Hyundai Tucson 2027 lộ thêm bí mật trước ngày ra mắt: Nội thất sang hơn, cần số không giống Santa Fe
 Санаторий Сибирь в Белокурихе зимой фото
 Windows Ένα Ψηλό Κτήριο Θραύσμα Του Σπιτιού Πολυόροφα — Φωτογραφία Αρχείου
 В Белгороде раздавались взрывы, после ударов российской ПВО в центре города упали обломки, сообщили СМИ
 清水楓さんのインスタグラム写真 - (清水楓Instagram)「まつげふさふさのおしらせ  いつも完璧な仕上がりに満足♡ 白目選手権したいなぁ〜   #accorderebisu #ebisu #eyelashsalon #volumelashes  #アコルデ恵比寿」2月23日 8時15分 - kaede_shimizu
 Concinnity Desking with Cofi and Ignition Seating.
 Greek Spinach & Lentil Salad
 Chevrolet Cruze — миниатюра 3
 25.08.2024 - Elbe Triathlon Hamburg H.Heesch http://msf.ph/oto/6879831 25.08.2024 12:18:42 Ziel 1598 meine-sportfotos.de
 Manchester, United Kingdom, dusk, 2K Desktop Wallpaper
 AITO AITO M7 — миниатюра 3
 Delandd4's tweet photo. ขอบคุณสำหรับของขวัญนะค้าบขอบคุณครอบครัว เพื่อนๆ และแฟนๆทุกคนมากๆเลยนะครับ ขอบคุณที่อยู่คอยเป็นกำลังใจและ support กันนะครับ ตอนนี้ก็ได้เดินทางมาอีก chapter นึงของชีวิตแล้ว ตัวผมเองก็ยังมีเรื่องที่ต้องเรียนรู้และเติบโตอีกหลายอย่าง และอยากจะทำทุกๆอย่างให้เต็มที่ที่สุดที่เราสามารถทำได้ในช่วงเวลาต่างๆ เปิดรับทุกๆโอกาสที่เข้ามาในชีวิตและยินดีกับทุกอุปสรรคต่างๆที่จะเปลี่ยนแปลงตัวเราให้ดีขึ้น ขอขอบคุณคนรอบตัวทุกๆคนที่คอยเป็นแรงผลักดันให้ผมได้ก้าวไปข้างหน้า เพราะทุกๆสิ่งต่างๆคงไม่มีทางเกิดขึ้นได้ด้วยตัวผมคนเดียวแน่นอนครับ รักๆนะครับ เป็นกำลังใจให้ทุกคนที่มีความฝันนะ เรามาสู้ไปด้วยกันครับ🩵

§ WHAT NEEDS TO BE DONE
Determine how many lines above contain the word "миниатюра", then give the number by itself.

§ ANSWER AREA
2